Step 2: x = 4 (100)2

x-1 = 3 (011)2,

x & (x-1) = (000)2 = 0

So, the number of set bits are 2 in x.

The above algorithm described is known as **Brian Kernighan’s Algorithm. **The time complexity of the algorithm is dependent on the number of 1s in the binary representation of the number, however in the worst case still the time complexity will be O(log2N) as all bits of the number may be set, where N is the number.

**Pseudocode:**

```
function count1s(num)
count = 0
while(num > 0)
num = num & (num-1)
count = count+1
return count
```

**Generating all possible subsets of a set**

Bit manipulation can be useful for the generation of all the possible subsets of a set. We can represent the elements of the set in the form of a binary sequence having a length equal to the number of elements in the set. Since the number of subsets of a set having N elements is 2^N, so a binary sequence of length N will represent values from range 0 to 2^N-1 which is equal to the number of subsets of the set.

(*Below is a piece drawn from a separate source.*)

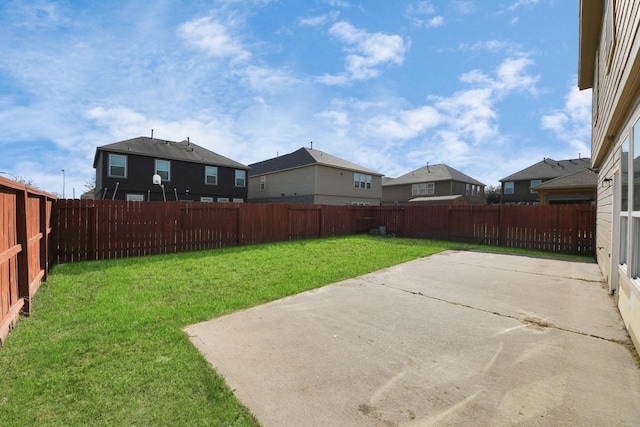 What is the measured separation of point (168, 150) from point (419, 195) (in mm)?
25813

All set bits in the binary sequence denote the elements present from the set, thus representing a subset.

**For example: **

Set S = {10,20,30}

We know that the number of subsets of a set having N elements is 2^N.In this case N = 3, so 2^N = 8 subsets.

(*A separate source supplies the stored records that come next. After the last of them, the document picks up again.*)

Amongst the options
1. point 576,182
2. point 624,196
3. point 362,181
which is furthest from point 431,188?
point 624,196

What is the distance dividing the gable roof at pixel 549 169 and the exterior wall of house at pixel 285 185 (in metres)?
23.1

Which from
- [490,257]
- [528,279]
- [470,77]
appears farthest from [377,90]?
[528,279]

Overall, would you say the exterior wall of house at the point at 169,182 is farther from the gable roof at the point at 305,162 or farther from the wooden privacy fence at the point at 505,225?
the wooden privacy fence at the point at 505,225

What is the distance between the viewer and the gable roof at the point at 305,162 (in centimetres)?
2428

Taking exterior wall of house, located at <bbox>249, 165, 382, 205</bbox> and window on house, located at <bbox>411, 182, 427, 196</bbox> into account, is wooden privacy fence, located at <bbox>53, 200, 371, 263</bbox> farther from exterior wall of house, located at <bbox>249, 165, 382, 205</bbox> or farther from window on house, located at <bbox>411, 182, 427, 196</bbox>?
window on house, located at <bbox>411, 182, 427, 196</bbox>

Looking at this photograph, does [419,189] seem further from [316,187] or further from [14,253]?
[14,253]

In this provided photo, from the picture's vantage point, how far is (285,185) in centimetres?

So taking a binary sequence of length 3, where each bit value represents whether the element of the set is present(bit value is 1) or not(bit value is 0) in the corresponding subset.

0 = 000 => {} - empty subset

1 = 001 => {30}

2 = 010 => {20}

3 = 011 => {20,30}

4 = 100 => {10}

5 = 101 => {10,30}

6 = 110 => {10,20}

7 = 111 => {10,20,30}

Hence, the binary sequence is useful to represent all the subsets of a set.

**Pseudocode:**

```
function generateSubsets(arr, N)
/*
arr represents the set of size N
Iterating from 0 to 2^N-1 to get all subsets
*/
for i = 0 to 2^N-1
/*
For each i representing a subset checking which
bits are set in binary representation of i
*/
for j = 0 to N-1
if (i & (1 << j))
print arr[j]
print newline
return
```

**Some other bitwise tricks**

**res = x | (1 << k):**Set the bit at kth position in the binary representation of x.

**For example: **

x = 5 (101)2 , k = 1

Let no = (1 << k) = 2^1 = 2 = (010)2

res = x | no = (101)2 | (010)2 = (111)2 = 7

**res = x & (~(1 << k)):**Unset the bit at kth position in binary representation of x.

**For example: **

x = 5 (101)2 , k = 2

Let no = (1 << k) = 2^2 = 4 = (100)2

no = ~(no) = (011)2

res = x & no = (101)2 & (011)2 = (001)2 = 1

**res = x ^ (1 << k):**Toggle the bit at kth position in the binary representation of x i.e if the bit at kth position is 0 then change it to 1 and vice versa.

**For example: **

x = 5 (101)2 , k = 0

Let no = (1 << k) = 2^0 = 1 = (001)2

res = x ^ no = (101)2 ^ (001)2 = (100)2 = 4

**res = x & (x - 1):**Unsetting the rightmost set bit of x.

**For example:**

x = 5 (101)2

x-1 = 4 (100)2

res = x & (x-1) = (101)2 & (100)2 = (100)2 = 4

**res = ~x + 1 (2’s complement):**2’s complement of a number is its 1’s complement +1. 2’s complement of a number is the same as negative of the number i.e -x.**res = x & (-x):**Getting the rightmost set bit of x.

**For example:**

x = 5 (101)2

1’s complement: ~x = (010)2

2’s complement: ~x + 1 = (011)2

res = x & (-x) = (101)2 & (011)2 = (001)2 = 1

**Applications of bit manipulation **

- Bitwise operations are prominent in embedded systems, control systems, etc where memory(data transmission/data points) is still an issue.
- They are also useful in networking where it is important to reduce the amount of data, so booleans are packed together. Packing them together and taking them apart use bitwise operations and shift instructions.
- Bitwise operations are also heavily used in the compression and encryption of data.
- Useful in graphics programming, older GUIs are heavily dependent on bitwise operations like XOR(^) for selection highlighting and other overlays.